• [Exercise requirements]: From the listing below, how many lines hold the word "going"? Write only the number.

Source material Block Start

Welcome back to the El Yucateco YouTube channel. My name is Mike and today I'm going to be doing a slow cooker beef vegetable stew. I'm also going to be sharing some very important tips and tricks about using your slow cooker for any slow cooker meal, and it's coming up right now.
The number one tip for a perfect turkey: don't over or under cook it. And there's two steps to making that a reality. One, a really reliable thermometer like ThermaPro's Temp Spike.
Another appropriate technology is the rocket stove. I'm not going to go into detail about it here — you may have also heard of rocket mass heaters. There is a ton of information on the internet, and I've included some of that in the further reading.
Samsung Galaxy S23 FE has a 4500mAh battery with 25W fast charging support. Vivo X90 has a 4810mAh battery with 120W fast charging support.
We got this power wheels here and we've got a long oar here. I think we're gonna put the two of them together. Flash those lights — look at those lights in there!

Source material Block End
Source material Block Start

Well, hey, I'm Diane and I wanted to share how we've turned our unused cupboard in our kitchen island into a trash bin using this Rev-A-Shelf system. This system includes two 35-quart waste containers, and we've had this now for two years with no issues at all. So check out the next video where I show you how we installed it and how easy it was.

Source material Block End

• [Response below]: 2